When I look at the above, I would conclude that a handful of wines have hit bottom, more because of scarcity premium than overall market conditions. They are unlikely to be representative of the market as a whole. At the same time, the retracement that’s already occurred could mean that the amount of further retracement is limited. As imperfect a guide as this is, I use the 2019 bordeaux EP Covid panic pricing as a baseline for what to expect: the Bordelais offered a roughly 30% discount IIRC for the end the world. You’re unlikely to see a bigger retracement than that from here as rates go down.
And just because decades in finance have made CYA a reflex: the above is not a recommendation or solicitation to buy or sell.
I have not been recommending people to invest in wine since I started my business in 2014. i do recommend on best practises for people who are investing or are collectors so they do not make loss making mistakes when they start on their journey like i did.
This is an extraordinary couple years, with some very big retracement in pricing across the market.
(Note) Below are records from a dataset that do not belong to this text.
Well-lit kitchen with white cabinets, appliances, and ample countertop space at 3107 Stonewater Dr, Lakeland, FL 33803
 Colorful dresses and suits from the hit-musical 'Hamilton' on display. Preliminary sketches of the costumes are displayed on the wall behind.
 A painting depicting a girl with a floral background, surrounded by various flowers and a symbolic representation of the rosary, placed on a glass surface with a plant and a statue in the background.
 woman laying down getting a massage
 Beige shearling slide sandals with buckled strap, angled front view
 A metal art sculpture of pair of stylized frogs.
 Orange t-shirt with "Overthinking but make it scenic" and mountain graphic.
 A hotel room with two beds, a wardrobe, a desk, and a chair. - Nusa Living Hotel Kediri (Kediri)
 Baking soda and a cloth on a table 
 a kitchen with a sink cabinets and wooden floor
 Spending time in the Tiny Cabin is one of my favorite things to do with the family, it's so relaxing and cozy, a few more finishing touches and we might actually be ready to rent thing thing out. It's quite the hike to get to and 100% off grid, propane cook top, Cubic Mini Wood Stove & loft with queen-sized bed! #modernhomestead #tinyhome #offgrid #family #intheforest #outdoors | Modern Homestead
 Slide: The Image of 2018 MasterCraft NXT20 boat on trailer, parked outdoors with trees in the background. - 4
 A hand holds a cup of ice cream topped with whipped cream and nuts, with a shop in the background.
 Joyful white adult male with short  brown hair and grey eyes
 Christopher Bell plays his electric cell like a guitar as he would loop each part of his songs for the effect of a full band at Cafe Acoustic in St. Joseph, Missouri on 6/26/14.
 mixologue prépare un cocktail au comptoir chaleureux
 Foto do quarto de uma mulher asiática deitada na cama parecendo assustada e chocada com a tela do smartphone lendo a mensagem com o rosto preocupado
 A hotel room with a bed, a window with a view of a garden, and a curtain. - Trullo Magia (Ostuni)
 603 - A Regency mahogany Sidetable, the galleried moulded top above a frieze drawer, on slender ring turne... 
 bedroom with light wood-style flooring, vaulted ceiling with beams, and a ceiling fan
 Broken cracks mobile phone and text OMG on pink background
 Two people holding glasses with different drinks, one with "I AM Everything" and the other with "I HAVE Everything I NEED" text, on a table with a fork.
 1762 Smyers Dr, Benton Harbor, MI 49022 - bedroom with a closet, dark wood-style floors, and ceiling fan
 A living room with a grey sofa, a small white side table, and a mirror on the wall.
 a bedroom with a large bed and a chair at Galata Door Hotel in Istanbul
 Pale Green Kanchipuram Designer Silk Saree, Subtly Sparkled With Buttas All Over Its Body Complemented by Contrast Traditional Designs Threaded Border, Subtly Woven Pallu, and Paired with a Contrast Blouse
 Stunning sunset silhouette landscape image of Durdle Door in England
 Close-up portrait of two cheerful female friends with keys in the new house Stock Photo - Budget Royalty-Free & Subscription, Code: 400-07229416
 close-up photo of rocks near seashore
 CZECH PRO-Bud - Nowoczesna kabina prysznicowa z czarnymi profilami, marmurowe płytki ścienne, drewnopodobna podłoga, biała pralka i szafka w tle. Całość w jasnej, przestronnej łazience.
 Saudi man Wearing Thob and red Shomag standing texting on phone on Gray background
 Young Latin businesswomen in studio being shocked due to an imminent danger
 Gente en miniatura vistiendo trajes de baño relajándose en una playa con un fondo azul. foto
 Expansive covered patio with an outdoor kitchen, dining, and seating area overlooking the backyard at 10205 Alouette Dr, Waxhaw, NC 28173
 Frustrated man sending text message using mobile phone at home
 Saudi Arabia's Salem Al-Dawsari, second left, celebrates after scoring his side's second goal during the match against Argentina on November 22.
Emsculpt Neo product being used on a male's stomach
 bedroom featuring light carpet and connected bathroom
Some like HenryB argue it is too little, but from my experience in investment world, bear markets in asset classes are rarely extending beyond 2 or 3 years. I think we are at levels which technically were former support and can now be resistance levels.
Also… i could be wrong. My business has no inventory, we are a stock exchange. Does not matter to me if prices go up or down, although bull markets have more turnover of course. What I post I think is relevant and without any conflicts of interest. I just find the more you discuss with people, the more you learn
I generally agree with your comments about bear markets and the typical doom and gloom of a market is quickly changed in two years when everything goes on a bull run
I’m just not convinced that’s as translateable to wine as it is on equities for example
I have no doubt though in the long term wine prices will go up - inflation guarantees it basically - but I think the systematic weak demand may mean that there may need to be radical things like significant reduction in high end wine production.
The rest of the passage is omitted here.